João Gilberto Noll se apresenta na Fliporto

Escritor gaúcho faz leitura encenada de trechos dos seus livros neste domingo (18/11), mostrando suas narrativas que aceitam o caos da vida contemporânea
Do JC Online
Publicado em 18/11/2012 às 10:48


Poucos autores fundem voz e narrativa de modo tão dissonante quanto João Gilberto Noll. Convidado da Festa Literária Internacional de Pernambuco (Fliporto) de domingo (18/11), o autor gaúcho costuma construir suas obras a partir da problematização do ato narrar: como é possível contar uma história sem harmonizar falsamente o caos do mundo?

É esse tipo de provocação que o fez um dos autores contemporâneos brasileiros mais importantes - nome referenciado, por exemplo, por autores latino-americanos queridinhos da nossa crítica como Alan Pauls e Cesar Aira. No seu mais recente livro, Solidão continental (Record, 128 páginas, R$ 28), Noll nos traz um personagem-narrador mais uma vez anônimo, mais uma vez fraturado, em uma prosa pouco interessada em produzir encontros: o que interessa ao autor é o estranho, o inconciliável, o desconexo.
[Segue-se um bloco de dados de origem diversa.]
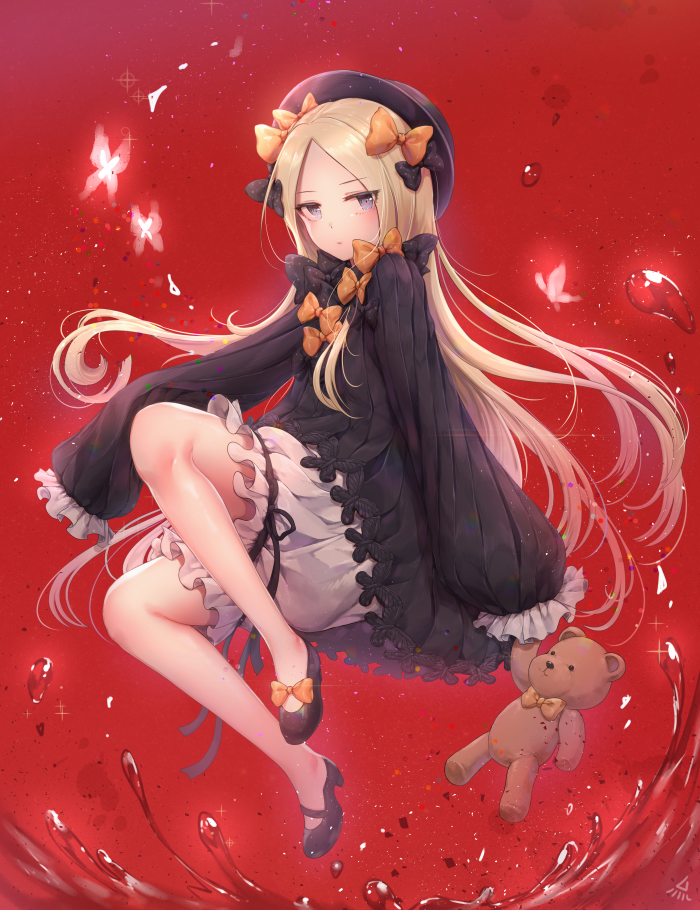 1girl abigail_williams_(fate/grand_order) bangs black_bow black_dress black_footwear black_hat blonde_hair bloomers blue_eyes bow butterfly closed_mouth dress eyebrows_visible_through_hair fate/grand_order fate_(series) full_body hair_bow hands_in_sleeves hat high_heels long_hair long_sleeves looking_at_viewer mary_janes object_hug orange_bow ozzingo parted_bangs polka_dot polka_dot_bow shoes solo stuffed_animal stuffed_toy teddy_bear underwear very_long_hair white_bloomers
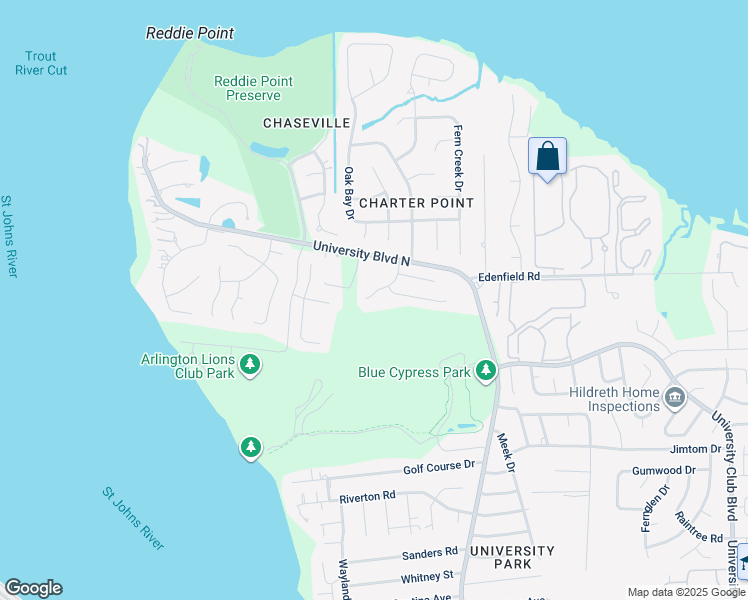 map of restaurants, bars, coffee shops, grocery stores, and more near 4226 Emerald Bay Drive in Jacksonville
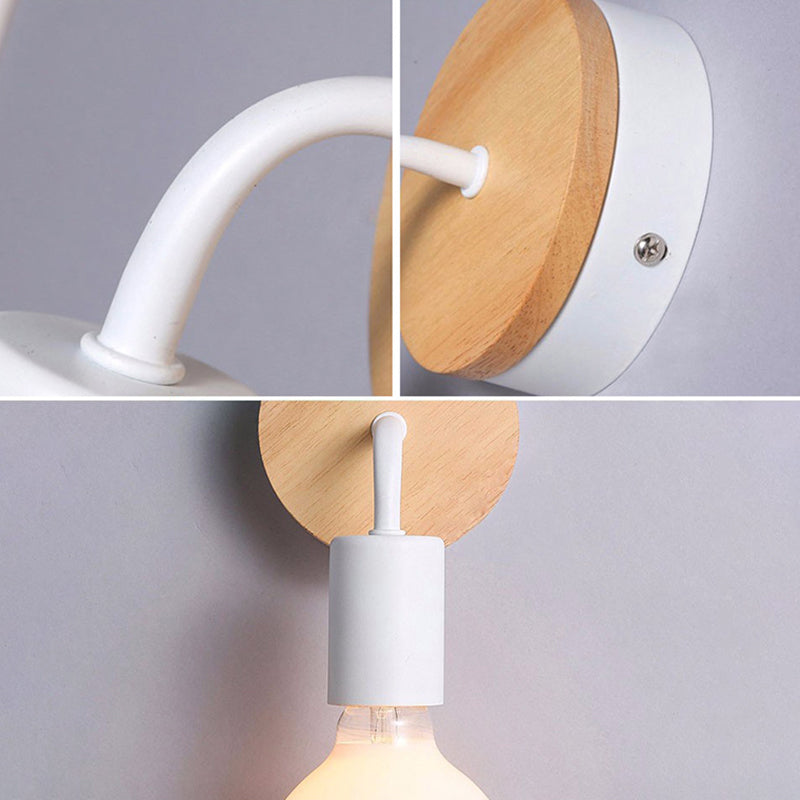 Contemporary Wood Wall Sconce Metal Linear Shape Wall Light for Bedroom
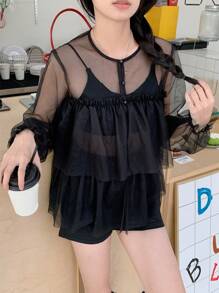 DAZY Women's Sweet Sheer Ruffle Trim A-Line Top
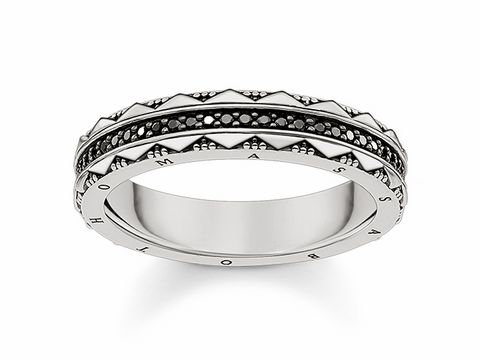 Thomas Sabo TR2106-643-11-60 Ring aus geschwärztem Silber in Größe 60 mit Zirkonia, dekoratives Design mit geometrischen Mustern und vereinten Ringen für einen eleganten Look.
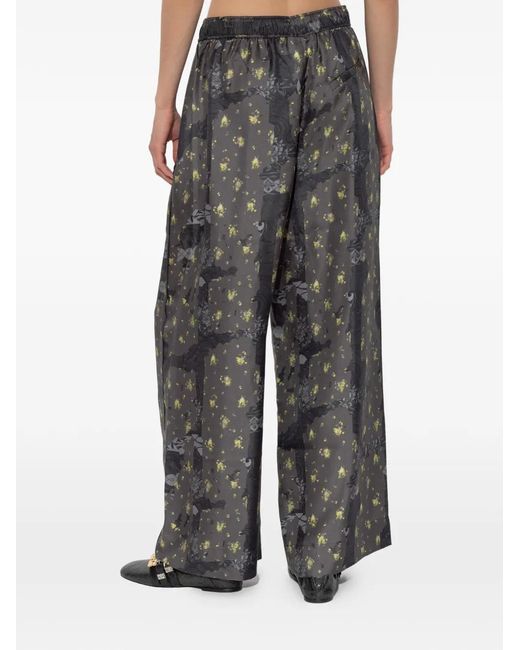 Ganni Gray Floral-Pattern Trousers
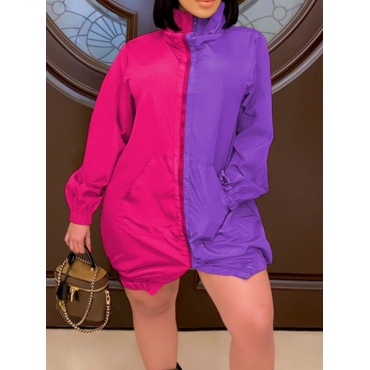 

LW Plus Size Turtleneck Patchwork Dress (Without Waist-bag), Purple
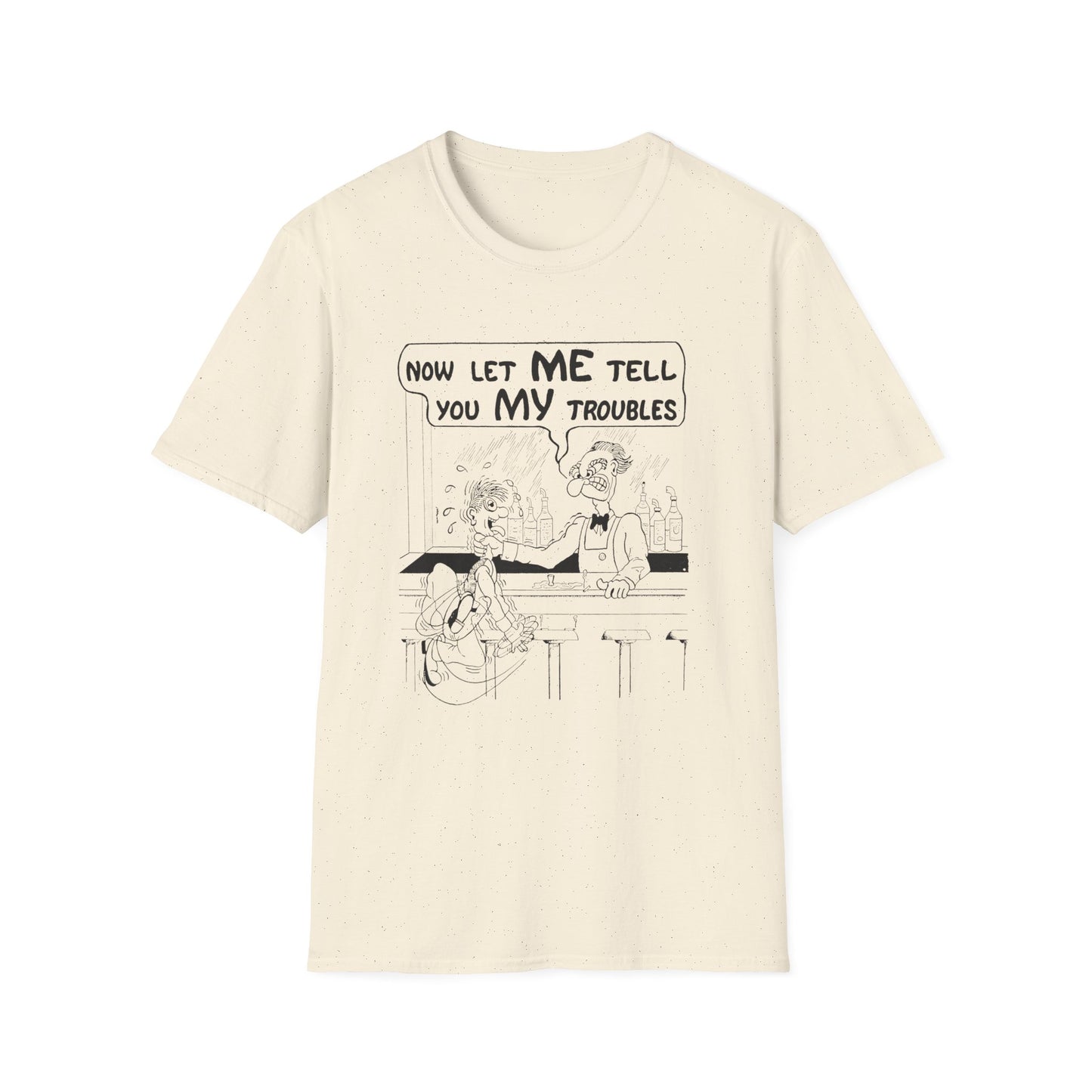 vintage postcard comic now let me tell you my troubles bartender tshirt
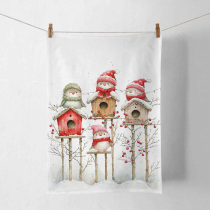 Kitchen towel Birdhouse quartet white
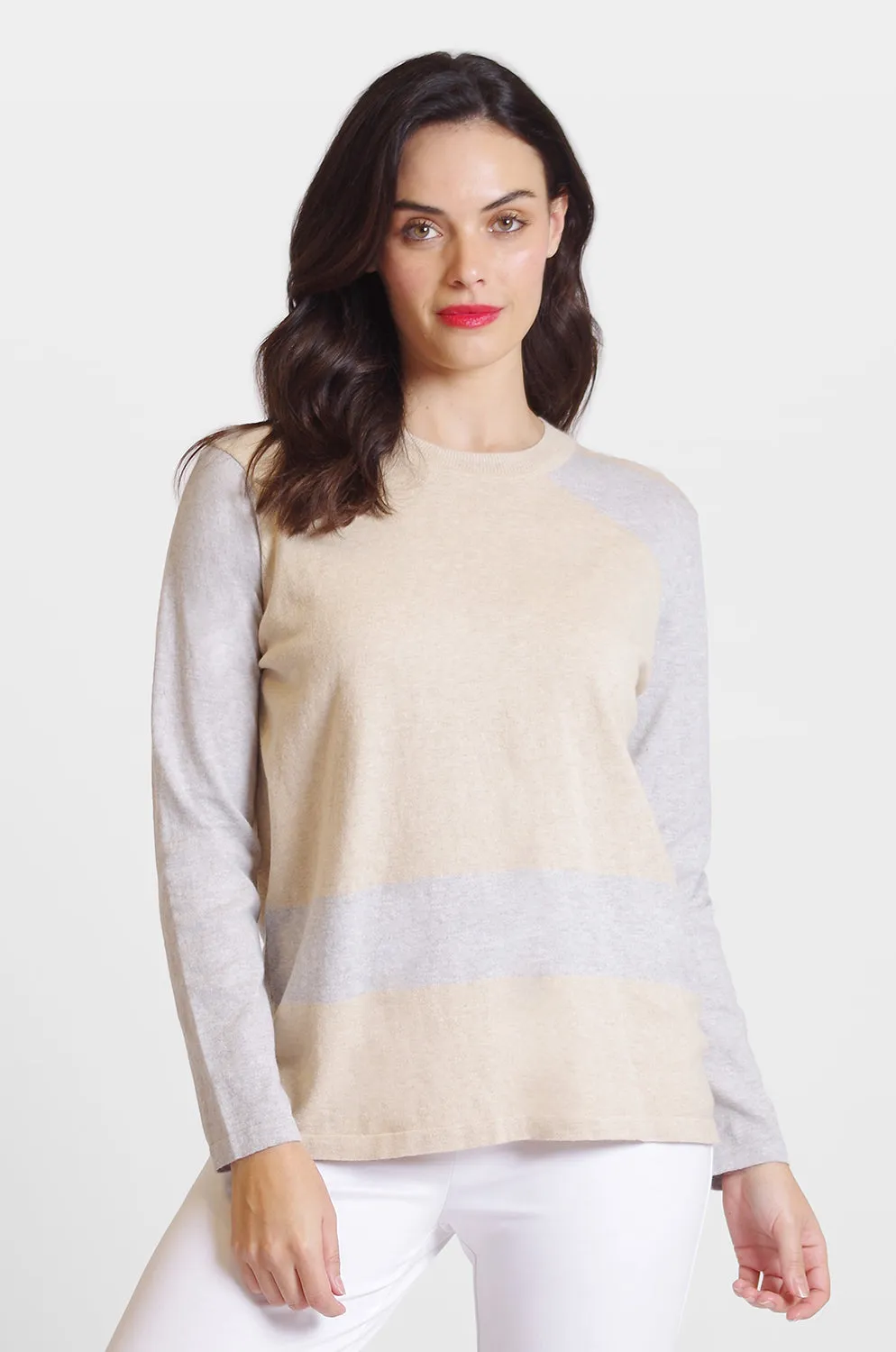 Long Sleeve Color Block Crew: FINAL SALE
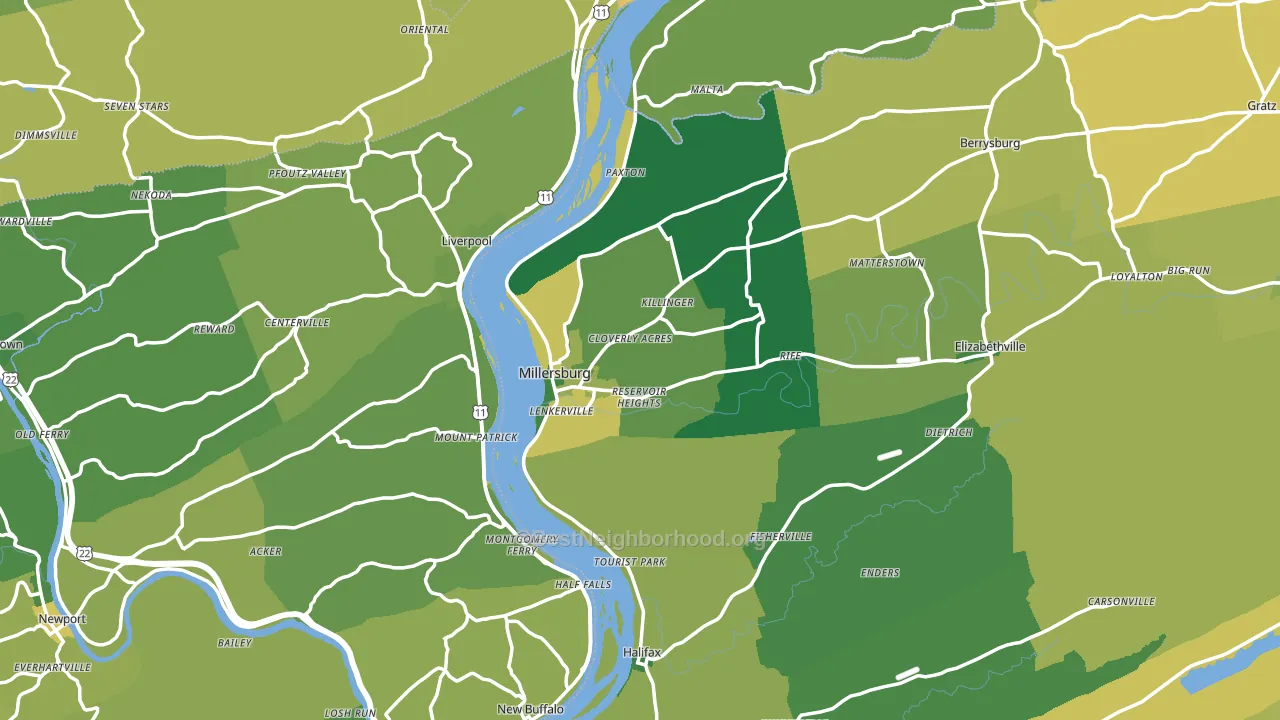Millersburg, PA block-group voter-turnout map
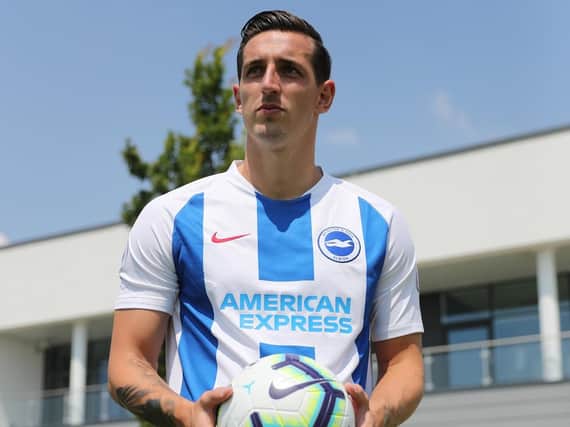 Lewis Dunk in Albion's new home shirt. Picture by BHAFC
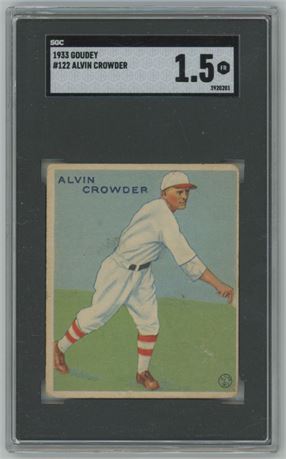 1933 Goudey #122 Alvin Crowder RC SGC 1.5 FAIR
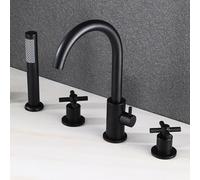 Roman All-Copper Split Four Trous Baignette Robinet de Pont de Pont de Pont de Support de Baignoire Douche de Salle de Bain Chaude Froide Robinet de Baignoire Rotatif avec Douche à Main (Noir Mat)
No livro, um homem passeia pelo continente americano, de Chicago até Porto Alegre, com saltos temporais quase aleatórios. "O livro é um translado mais por um território interior do que exterior. Por isso, as cidades de que falo são meio fantasmagóricas. Até porque eu não estou interessado nesse localismo: eu me considero, para o bem e para o mal, um escritor universal", explica Noll, em entrevista por telefone. "Apesar disso, esses locais me ajudam a não fazer muita abstração. Ainda que precariamente, dão alguma concretude à história".

Segundo o autor, uma descoberta recente é a de que os narradores de seus romances são sempre os mesmos. "Esse é um personagem que me persegue há muito livros. É um personagem que me habita", define o gaúcho. Mesmo que se contradizendo entre um livro e outro, a pulsão da voz - sempre ela, a última instância de teste da instabilidade da literatura - continua a mesma. "Em um livro ele pode ser um vagabundo, no seguinte um escritor, noutro um ator", conta.

Outra influência para a concepção dessa voz do personagem são os filmes. "O cinema se entranhou na minha vida, na minha cabeça. Meus personagens são um tanto cinematográficos. Em Solidão continental, por exemplo, se vê isso no momento em que o narrador se encontra com um casal vizinho, na cena da floresta, na cena do beijo, quando falo de uma boca próxima em close. Até destaco no livro o aspecto cinematográfico disso, os lábios pintados da mulher, os lábios não pintados do homem", aponta.

Solidão continental é um romance que trabalha tanto os limites da reprodução da experiência do contemporâneo que termina funcionando quase como um exercício literário. Longe de ser um romance palatável, em que B sucede A e prepara o terreno para C, trabalha com o caos: como se as lembranças do protagonista, um homem perdido que rememora seus amantes enquanto passeia pelas cidades, fossem incapazes de se reunir em uma coerência.

"O que tento é isso mesmo: explicitar esse conflito exacerbado que existe entre o eu e o mundo. Hoje está cada um na sua e ninguém realmente em harmonia. Todos estão nas telas, na internet, vendo historinhas fantasiosas, mas na verdade essas coisas não acontecem. O desejo mais humano é o da fusão com o outro, é o da fusão com a natureza. Eu mostro na minha literatura basicamente a impossibilidade da fusão", pondera. "Acho que é um pouco por aí".

Na Fliporto, Noll vai fazer, a partir das 18h30, uma performance, a partir de uma leitura encenada de pedaços das suas diversas obras. É uma forma de explicitar não apenas que há uma voz comum em todos aqueles narradores, mas também que há uma voz, que é sempre ela o ponto de partida da narrativa. "Depois vou abrir o microfone para conversar com o público. Meus livros são romances da voz. Não são romances de acontecimentos externos, há sempre uma eterna especulação da voz", trama o autor.